In collaboration with the Research Organization of Information and System National Institute of Informatics (NII), NTT is offering a trial to use the secure computation AI software. NII and NTT are recruiting universities and other partners to experiment with secure computation AI software on NII’s computing environment.
VMWare
Research by Forrester Consulting, commissioned by VMWare, found that although 75% of security leaders are in the discovery phase of their XDR journey, they are looking at XDR as a way to bolster their security solutions and meet the need for better security visibility across IT infrastructure. Key findings from the report, titled “Evolving Security Operations Capabilities: Insights into the XDR Paradigm Shift” (gated), were:
- 45% agreed that there is no clear, standard industry definition of XDR. At least three in four XDR adopters believed XDR includes EDR and network analysis and visibility (NAV). A third of non-users say they still need proof that XDR is legitimate before adopting it.
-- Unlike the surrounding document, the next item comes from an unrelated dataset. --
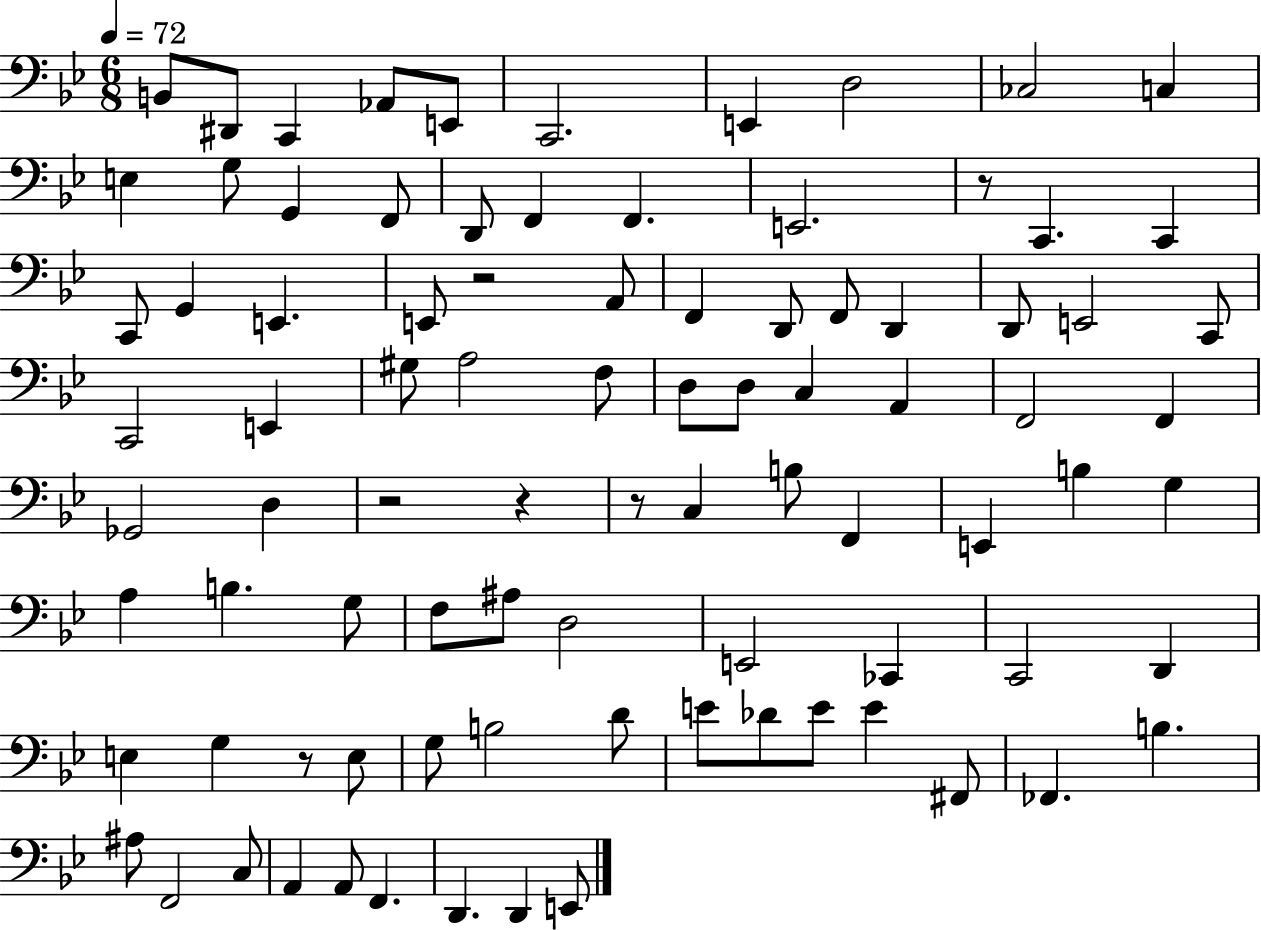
B2/e D#2/e C2/q Ab2/e E2/e C2/h. E2/q D3/h CES3/h C3/q E3/q G3/e G2/q F2/e D2/e F2/q F2/q. E2/h. R/e C2/q. C2/q C2/e G2/q E2/q. E2/e R/h A2/e F2/q D2/e F2/e D2/q D2/e E2/h C2/e C2/h E2/q G#3/e A3/h F3/e D3/e D3/e C3/q A2/q F2/h F2/q Gb2/h D3/q R/h R/q R/e C3/q B3/e F2/q E2/q B3/q G3/q A3/q B3/q. G3/e F3/e A#3/e D3/h E2/h CES2/q C2/h D2/q E3/q G3/q R/e E3/e G3/e B3/h D4/e E4/e Db4/e E4/e E4/q F#2/e FES2/q. B3/q. A#3/e F2/h C3/e A2/q A2/e F2/q. D2/q. D2/q E2/e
- 79% of non-users said improved threat detection speed and accuracy are needed for their organizations. Of the users already adopting XDR, improved speed and accuracy of threat detection was one of their top five drivers for doing so.
- 75% of XDR adopters found increased ROI to be the top business benefit of XDR. XDR adopters also reported a 13.9% increase in ROI due to adoption, which increases as adoption matures.
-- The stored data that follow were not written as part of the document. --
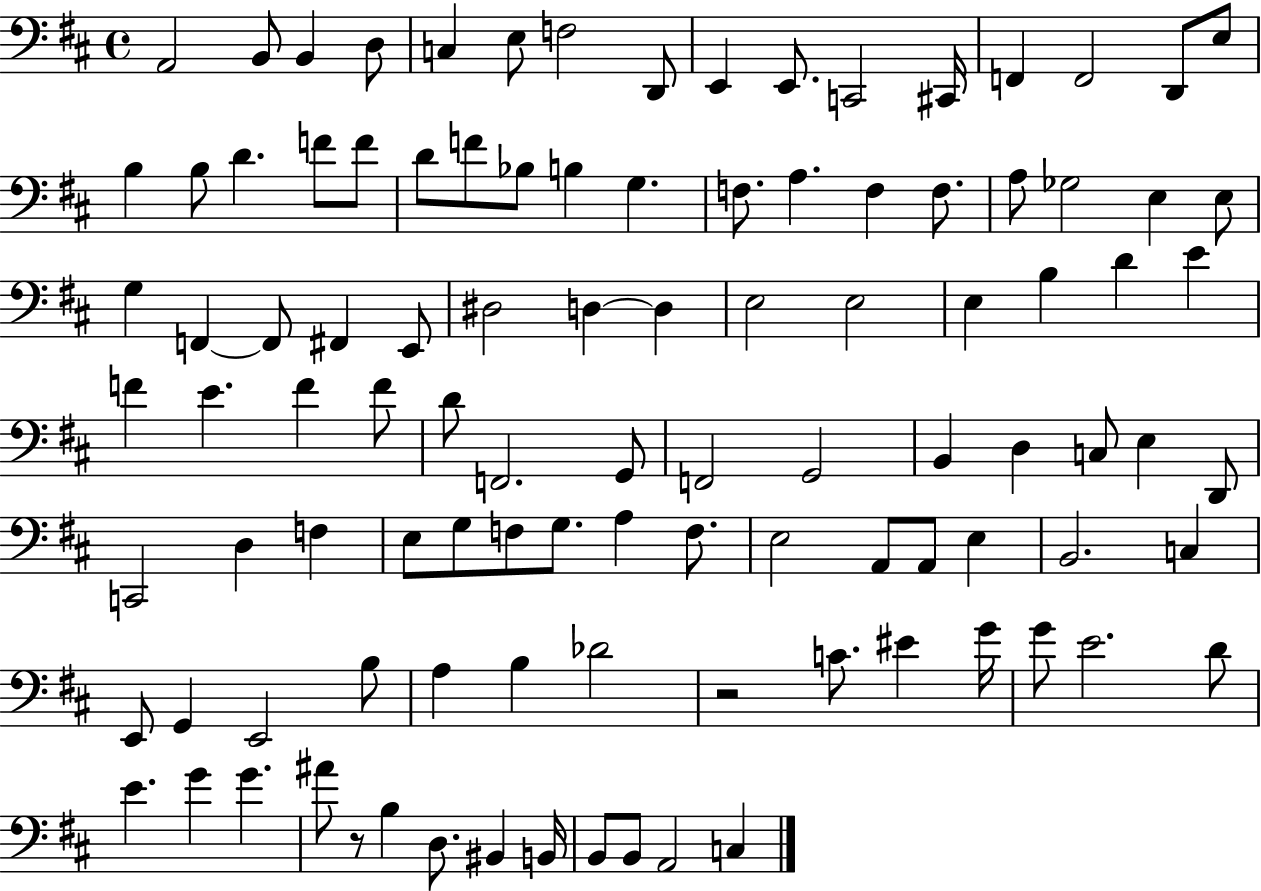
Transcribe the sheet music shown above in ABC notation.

X:1
T:Untitled
M:4/4
L:1/4
K:D
A,,2 B,,/2 B,, D,/2 C, E,/2 F,2 D,,/2 E,, E,,/2 C,,2 ^C,,/4 F,, F,,2 D,,/2 E,/2 B, B,/2 D F/2 F/2 D/2 F/2 _B,/2 B, G, F,/2 A, F, F,/2 A,/2 _G,2 E, E,/2 G, F,, F,,/2 ^F,, E,,/2 ^D,2 D, D, E,2 E,2 E, B, D E F E F F/2 D/2 F,,2 G,,/2 F,,2 G,,2 B,, D, C,/2 E, D,,/2 C,,2 D, F, E,/2 G,/2 F,/2 G,/2 A, F,/2 E,2 A,,/2 A,,/2 E, B,,2 C, E,,/2 G,, E,,2 B,/2 A, B, _D2 z2 C/2 ^E G/4 G/2 E2 D/2 E G G ^A/2 z/2 B, D,/2 ^B,, B,,/4 B,,/2 B,,/2 A,,2 C,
- 83% of XDR adopters agreed that XDR’s automation and repeatability complemented other security tech stack tools. For many organizations, adopting XDR means keeping the tools in their current tech stack and automating the more tedious detection work, saving time and money. 75%, with this figure rising to 91% among more mature adopters, agreed that XDR enables their team to skip some of the tedious, common, or repetitive detection engineering work they would otherwise have to do to focus on more targeted, specific attacks.